Mist steaming of the river Gyronde in early morning winter light after a very hard frost, just downstream from the pretty alpine village of Vallouise.
Mysterious ice structures in a small cave at Freissinières in the Ecrins massif. Ice climbing often creates a sense of wonder at the Earth’s natural forces: ice has an ability to produce structures beyond the imagination of even the most outlandish sculptors.
Reaching the top of the pristine, free-hanging ‘cigar’ pillar of Tchouky (WI6) in the Fournel Valley. For those wishing to cut their teeth on harder, steeper ice pillars, the single pitch climbs at Fournel and nearby Freissinières are just the ticket.
You might need a day off in a couple of weeks of hard ice climbing. Via ferrata is a great rest day activity, and the Ecrins is full of possible routes – such as this one, high above Vallouise with amazing views out towards Pointe de l’Aiglière and Mont Pelvoux to the north.
Some of the best opportunities for ice climbing in the world lie in the high valleys of the mountain-clad triangle between Geneva, Zurich and Turin
A spooky scene in falling light on the long walk-out from a great day’s ice climbing in Cogne, Italy.

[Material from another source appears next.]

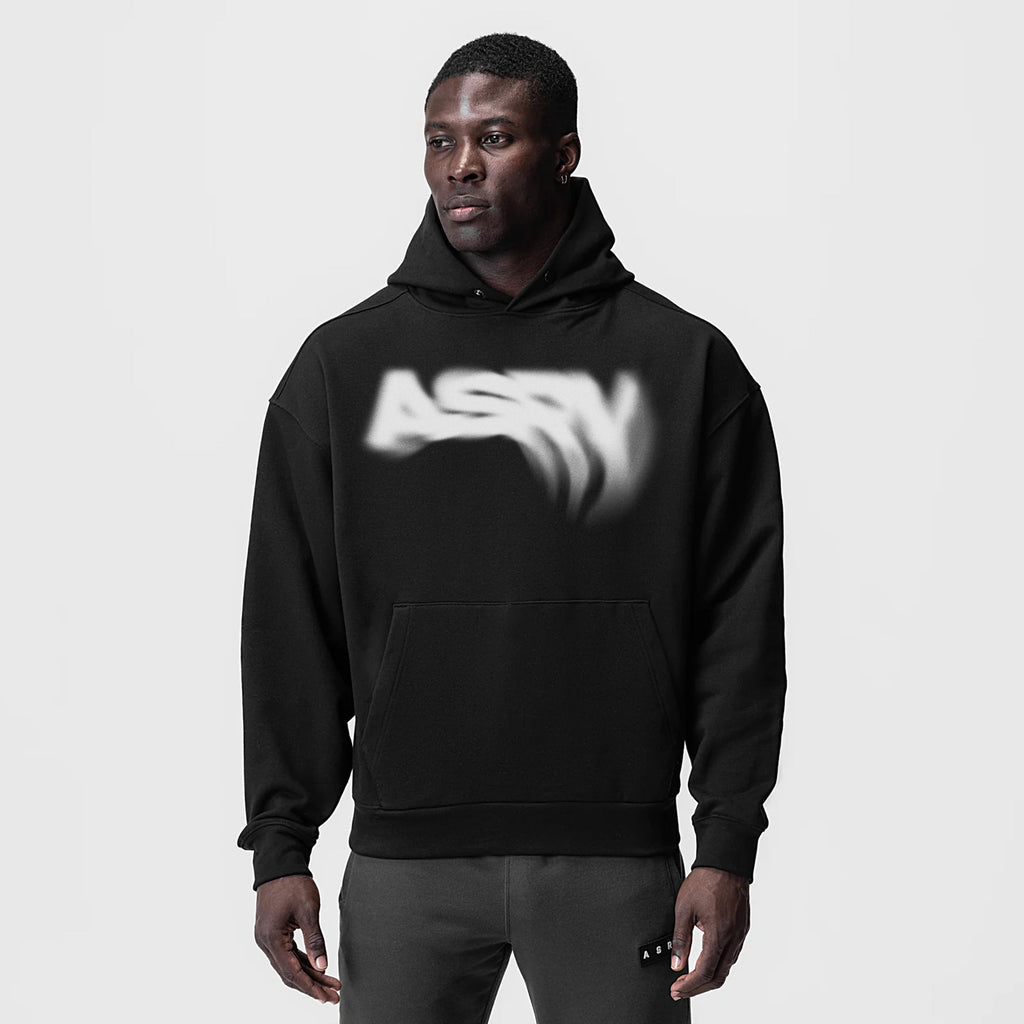 0874. Tech-Terry™ Zip Pocket Hoodie - Black "Signal Lost"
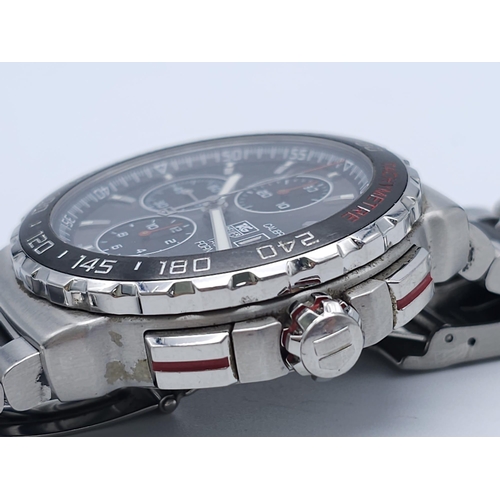 101 - A Tag Heuer Formula 1 Chronograph Gents Watch. Steel and ceramic strap and case - 43mm. Silver tone ...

At the top of the Aosta Valley on the Italian side of the Mont Blanc massif, Cogne is one of the best ice climbing venues in the whole of Europe – Ouray, Colorado but with better coffee. Here, Neil Gresham moves up the lower section of the Patri Gauche (WI4+) on high quality ice in the depths of winter. The sustained low temperatures in the Cogne valley can guarantee good ice when other venues nearby may be out of condition.
Dry tooling is a popular sub-discipline for many ice climbers operating at a high standard, and provides excellent training for both ice and mixed climbing. Tim Emmett dispatches a short but very steep M8 pitch in Valsavarenche in the upper Aosta valley.
More classic Cogne ice: Ian Parnell reaches the upper pillar of the simply superb Patri Droite (WI4+).
Sometimes the exploratory and surprising side of ice climbing is the most rewarding. Driving back from Ceillac one afternoon, we found this intriguing, steep ice formation – undescribed in any guidebook – just a few minutes’ walk above the road. It provided some delicate climbing on thin ice on the lower section, and a steep finish of WI5+ standard, which Giles Cornah makes light work of in very ‘lean’ conditions.